半ば強引な勇気
高校3年の冬、
学生時代をチャランポランと生きた自分は
進路が当たり前に決まっていなかった。
勉強があまり好きではなかった私は大学という選択肢と道をすでに捨ててしまっていた。
飲食系で就職か専門学校かなぁとのんびり考える。
急いで決める気もあまりなく
ついに担任の先生から呼び出され、
就職先希望の提出期限が明日だと聞かされる。
その時期は毎日のように朝求人を紹介する時間があり、その日はそこで鉄板ステーキの寮がついた就職先が紹介された。
場所は地元からは遠く離れていた。
しかし切羽詰まりきっている当時の私は、ここにするかぁ、と信じられないくらい適当に決めた。
就職先を提出するために親からサインをもらうため提出する。母親はやりたい事はやれ精神なため、意外にもあっさりOKされた。
あとは父親。普段から私に怒ったことなどなく、常に優しいため、まぁ大丈夫だろうと思っていた。
しかし、帰ってきた返事は思っていたのとは全く違っていた。顔は今まで向けられたことのない呆れ顔混じりの怒った顔。
「こんなとこいってもせいぜい洗い物しかできんぞ」
「なぜ専門学校にしないのか」と
親と真面目な話をすることを避けていた私は、
提出日の朝、先延ばししていた時間と直面した。
なぜと聞かれても基本答えは出ない。
なんとなく。としか考えはなかった。
親に無駄にお金を払わせ適当に学校に行くよりは早く自立した方がいいと考えていたのだが、
そんな事その場で言えるはずもなく、先生にまた提出を先延ばししてもらった。
その後、地元の専門学校と書き換え再度親にサインを要求する。
今度は流石にいいだろうと自信を持って出したが、
「なんで地元なんだ」と
またあの時の同じ顔で、リプレイのようになぜ、をいただいた。
答えもリプレイ、なんとなく。
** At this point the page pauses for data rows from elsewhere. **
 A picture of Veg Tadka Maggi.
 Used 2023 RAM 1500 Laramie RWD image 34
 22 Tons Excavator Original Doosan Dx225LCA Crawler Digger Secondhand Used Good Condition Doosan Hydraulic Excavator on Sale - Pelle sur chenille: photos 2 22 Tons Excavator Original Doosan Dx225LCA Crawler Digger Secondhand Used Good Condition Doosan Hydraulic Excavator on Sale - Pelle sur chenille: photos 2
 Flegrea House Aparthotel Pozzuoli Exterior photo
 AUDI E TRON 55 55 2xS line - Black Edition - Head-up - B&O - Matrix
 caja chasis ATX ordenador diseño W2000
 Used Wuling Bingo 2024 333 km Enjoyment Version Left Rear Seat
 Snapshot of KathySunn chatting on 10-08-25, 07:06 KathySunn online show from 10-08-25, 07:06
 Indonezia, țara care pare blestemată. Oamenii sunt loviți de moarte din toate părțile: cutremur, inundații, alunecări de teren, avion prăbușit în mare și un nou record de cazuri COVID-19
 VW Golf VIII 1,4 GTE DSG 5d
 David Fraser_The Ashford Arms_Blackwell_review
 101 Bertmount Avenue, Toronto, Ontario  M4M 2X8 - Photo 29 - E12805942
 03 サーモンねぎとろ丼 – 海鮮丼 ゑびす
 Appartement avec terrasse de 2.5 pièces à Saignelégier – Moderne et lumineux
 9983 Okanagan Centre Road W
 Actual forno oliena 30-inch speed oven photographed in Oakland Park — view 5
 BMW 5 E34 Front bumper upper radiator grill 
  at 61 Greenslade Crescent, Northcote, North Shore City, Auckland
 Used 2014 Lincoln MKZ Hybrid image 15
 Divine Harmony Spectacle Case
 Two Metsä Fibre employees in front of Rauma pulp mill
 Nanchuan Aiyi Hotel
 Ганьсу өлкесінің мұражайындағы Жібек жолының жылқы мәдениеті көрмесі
だ。
頭にある事も、無駄なお金を〜と、同じ事を考えたが、また言えない。
そのやりとりを2.3回繰り返し、
仲良かった父親との溝はその度に深くなった。
何を考えているのか理解できない父親
自分は父親のことを思って近くにしようと、お金をなるべく使わせないように、と考えていたのにだんだん腹が立ってきた。
やっと父親にサインをもらうことができた時には、すでに回復できないような溝ができた。
地元から1番近いが、他県にある都会の専門学校に決まった。
親と喧嘩別れのようにすんなり離れ、1人で自分のことを誰も知らない学校に入学した。
入学してすぐにわかった。
人間関係が一から構築されることは勇気がいるが入ってみれば気持ちは楽で興味をそそるものだと。
あちらもこちらも不安の中、興味があるもの同士が惹かれ合い友人関係を構築していく。
大人になってわかる。あの選択は愛だ。
自分だけでは絶対に勇気が出なかった都会へ出るということ。18まで同じ場所で生きている人が急に都会に出るのには勇気がいる。それがなかった自分に却下という形で背中を押してくれた。しかしいきなり社会人になれるはずもないと、専門学校という選択肢を与えてくれた。あの時言われなければ今も地元、一人暮らしをする勇気もなく実家でのうのうと暮らしていたと思う。
専門学校では人生において大きな影響を与えてくれる友人とたくさん出会うことができた。地元の本当に小さな田舎町しか知らなかった自分が、世界の広さを知ることができた。そこからの進路も皆さまざまで、海外に行く人や同じ土地で頑張る仲間もいた。
本当に素晴らしい専門学校生活を送らせてもらった。
結構有名な専門学校であったため、就職も自分の怠惰以外の苦労はせずできた。
あの選択をしたから、あの選択をさせられたから。
今の自分がいる。
当時は親のレールに乗るなんて、と反発心だらけでこのままうまくいくとは微塵も思えなかったが、
5年経った今、あれが最前だったと思える。
まだ父親との間に用水路ほどの溝端は残っている。
しかし、親が死ぬまでには感謝の一つでも言えたらいいな、と思う。